> [Exercise aim]
When the line with "Calculatrice posée sur une table orange." turns up below, begin repeating exactly, and carry on through the line with "Digg It Thrift"; no pictures go into the copy.

> [Exercise materials]
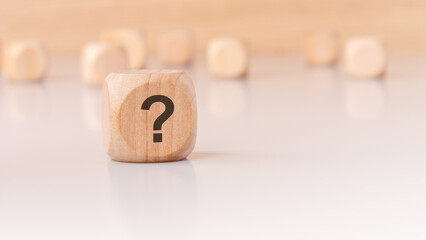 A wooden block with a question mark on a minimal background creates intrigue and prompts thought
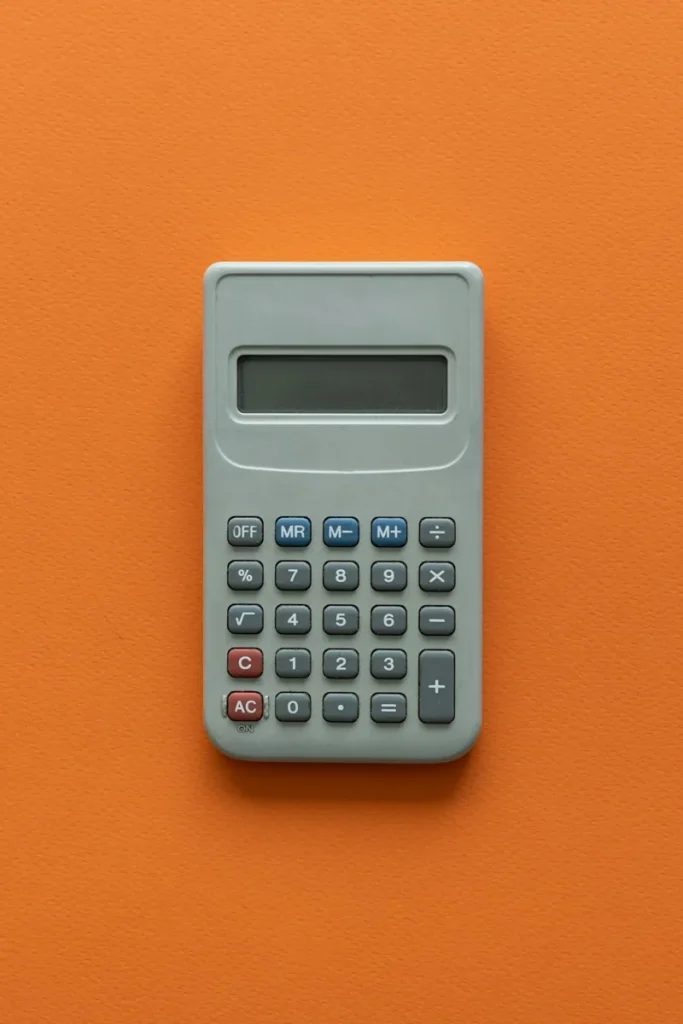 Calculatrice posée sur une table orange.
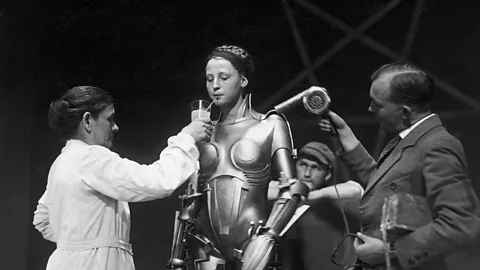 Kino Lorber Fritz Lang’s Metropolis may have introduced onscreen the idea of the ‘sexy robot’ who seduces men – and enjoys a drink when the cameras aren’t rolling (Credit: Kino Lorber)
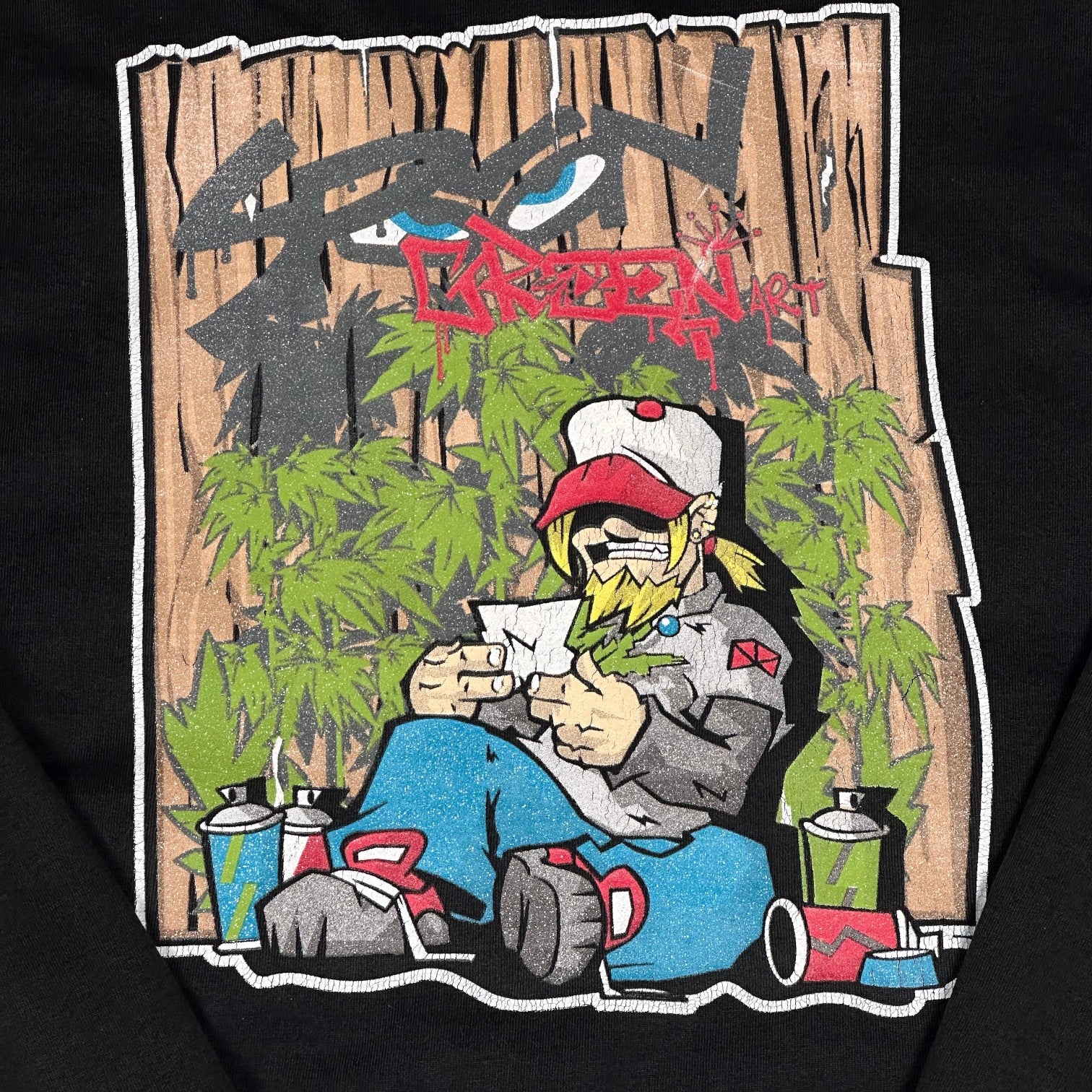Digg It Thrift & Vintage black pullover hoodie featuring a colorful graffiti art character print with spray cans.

==

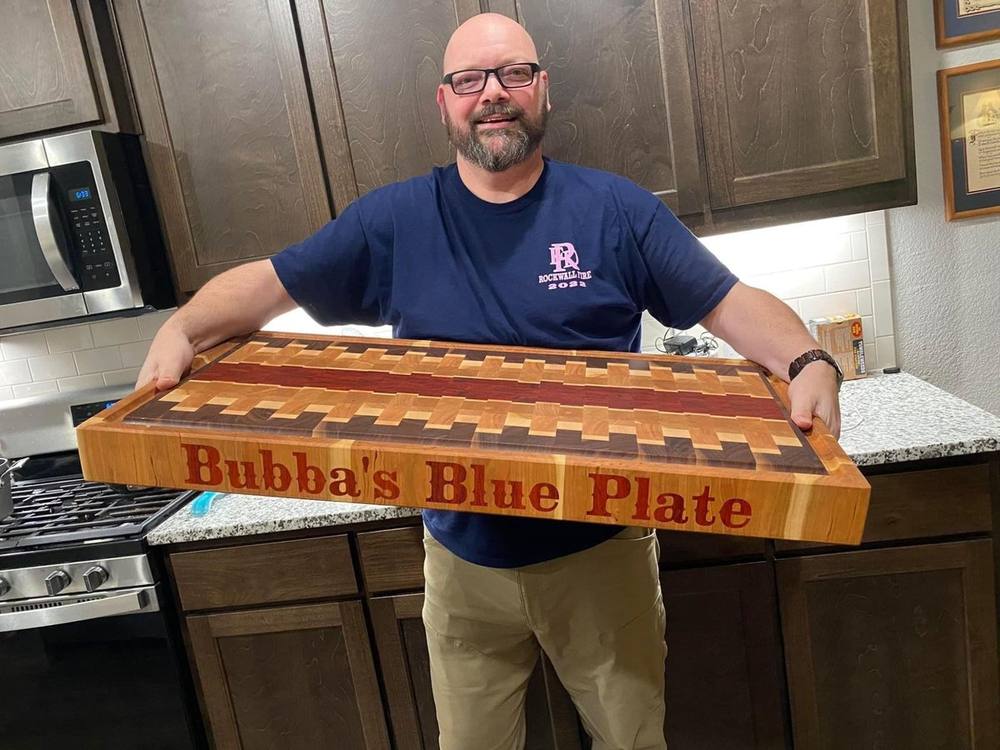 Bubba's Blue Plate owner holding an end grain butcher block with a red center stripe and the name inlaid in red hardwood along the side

==

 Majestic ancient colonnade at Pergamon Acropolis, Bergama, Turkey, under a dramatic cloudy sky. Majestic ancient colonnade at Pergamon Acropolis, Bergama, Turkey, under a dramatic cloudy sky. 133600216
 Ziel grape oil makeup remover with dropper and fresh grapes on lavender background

> [Answer box]
 Calculatrice posée sur une table orange.
 Kino Lorber Fritz Lang’s Metropolis may have introduced onscreen the idea of the ‘sexy robot’ who seduces men – and enjoys a drink when the cameras aren’t rolling (Credit: Kino Lorber)
Digg It Thrift & Vintage black pullover hoodie featuring a colorful graffiti art character print with spray cans.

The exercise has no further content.